◆ **To do**: An exact transcription is needed of the lines below from the one with "La Bretagna - Gaucho" through the one with "ウルトラマン グッズ フィギュア キャラクター サウンド戦士プレミアム", with no other lines and no pictures.

◆ **Given records**:
◇ ◇ ◇
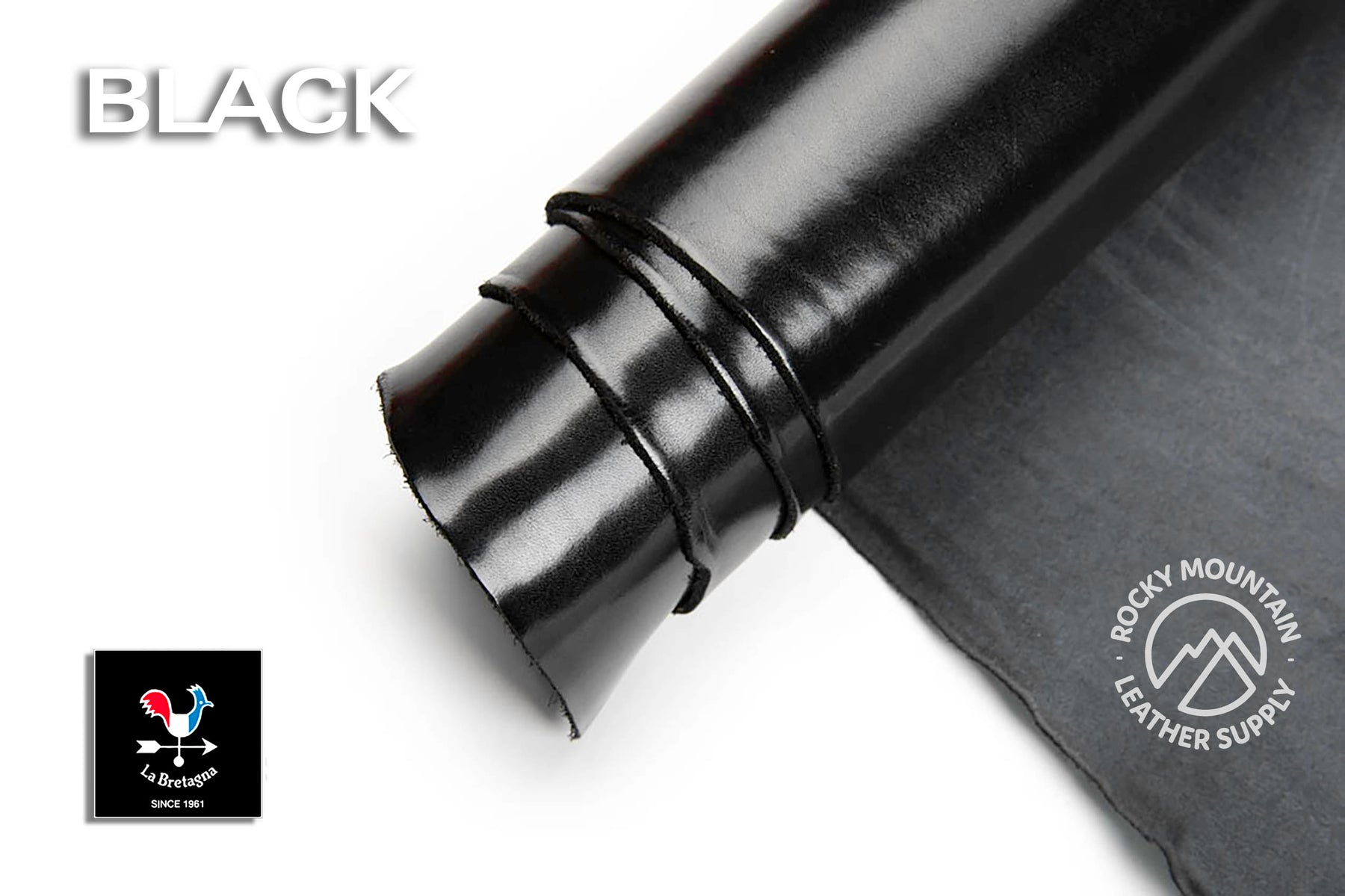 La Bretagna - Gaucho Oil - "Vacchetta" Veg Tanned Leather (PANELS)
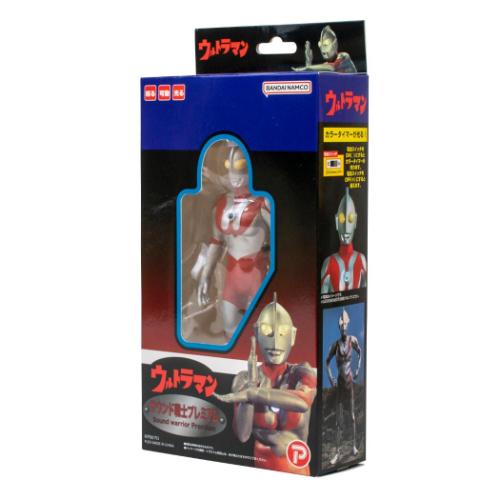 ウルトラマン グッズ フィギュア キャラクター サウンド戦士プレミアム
◇ ◇ ◇
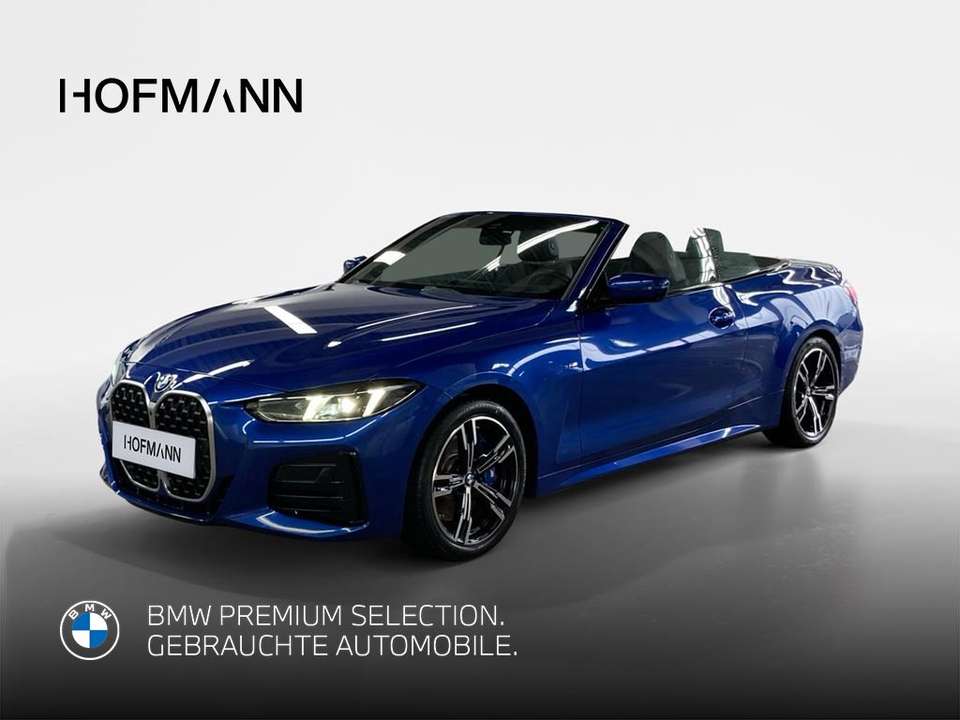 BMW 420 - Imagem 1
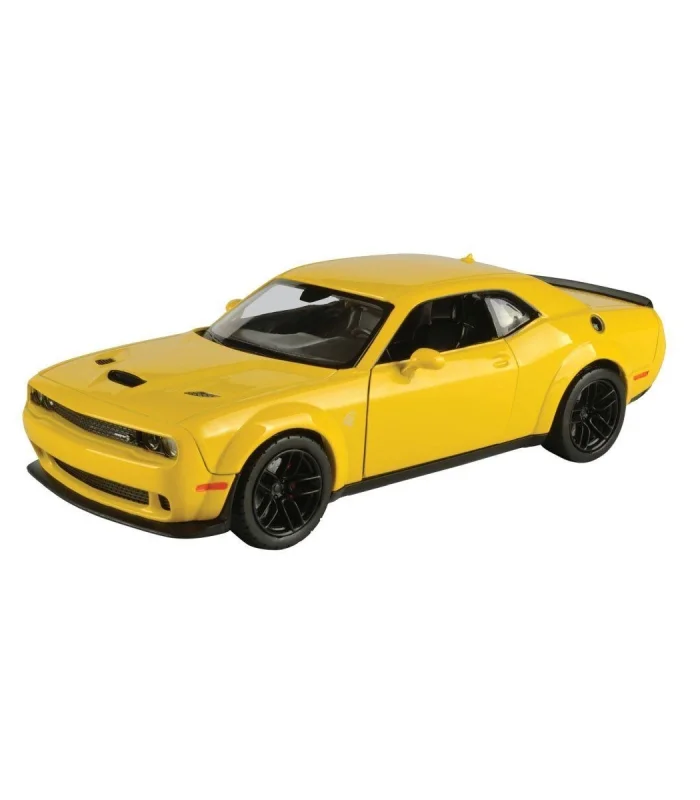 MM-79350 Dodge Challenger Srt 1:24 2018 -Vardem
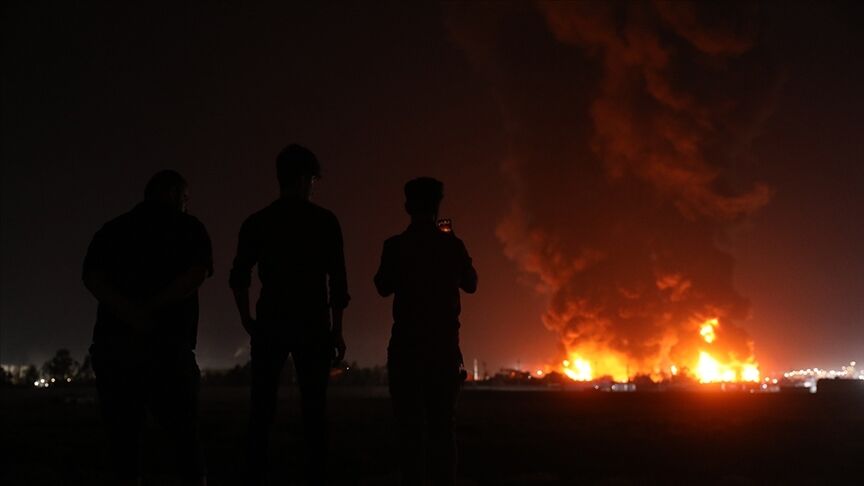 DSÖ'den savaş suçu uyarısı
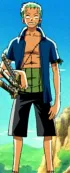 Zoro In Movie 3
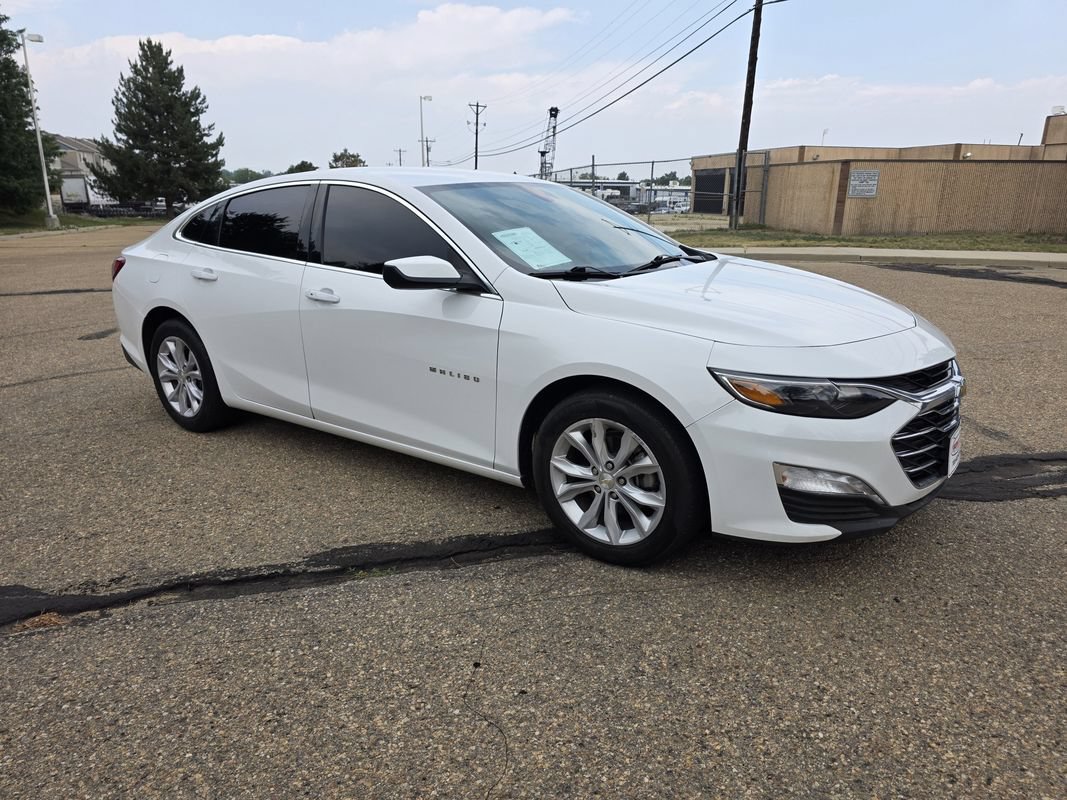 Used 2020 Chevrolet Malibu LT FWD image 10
◇ ◇ ◇
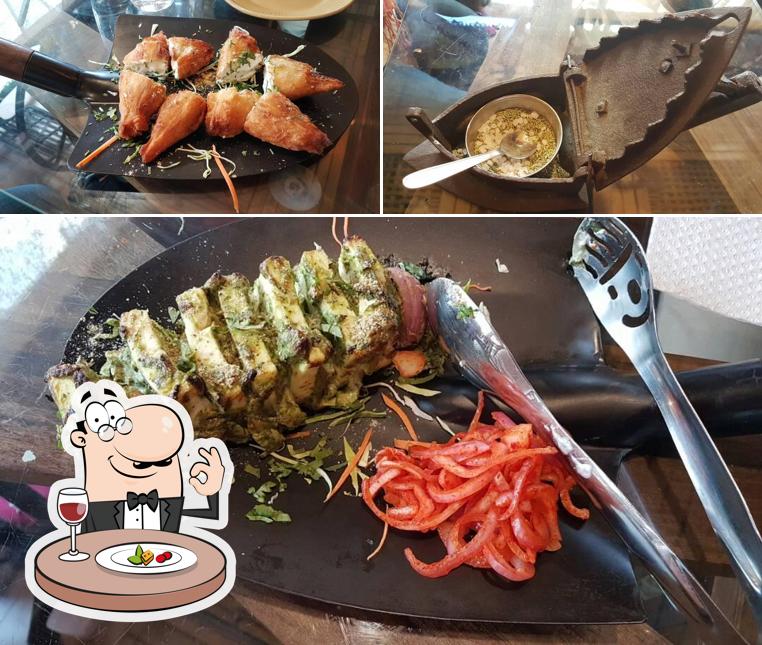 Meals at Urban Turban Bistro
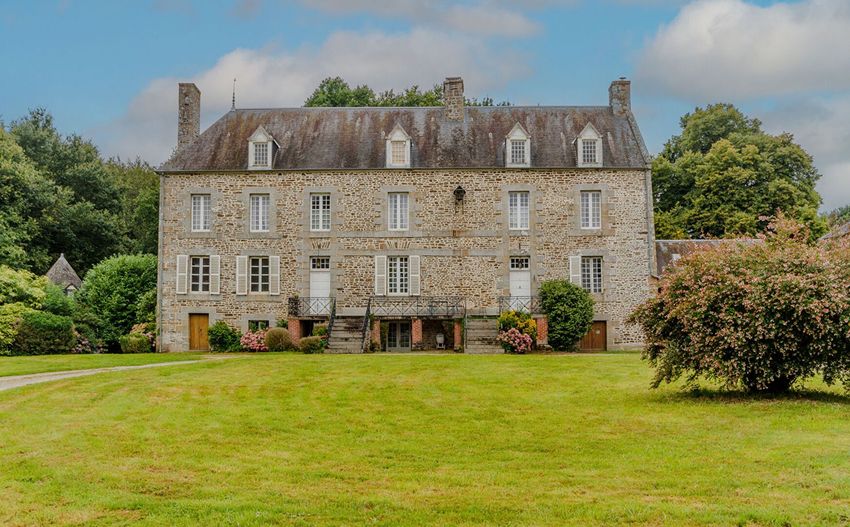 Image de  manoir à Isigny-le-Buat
◇ ◇ ◇
◆ **Written solution**:
 La Bretagna - Gaucho Oil - "Vacchetta" Veg Tanned Leather (PANELS)
 ウルトラマン グッズ フィギュア キャラクター サウンド戦士プレミアム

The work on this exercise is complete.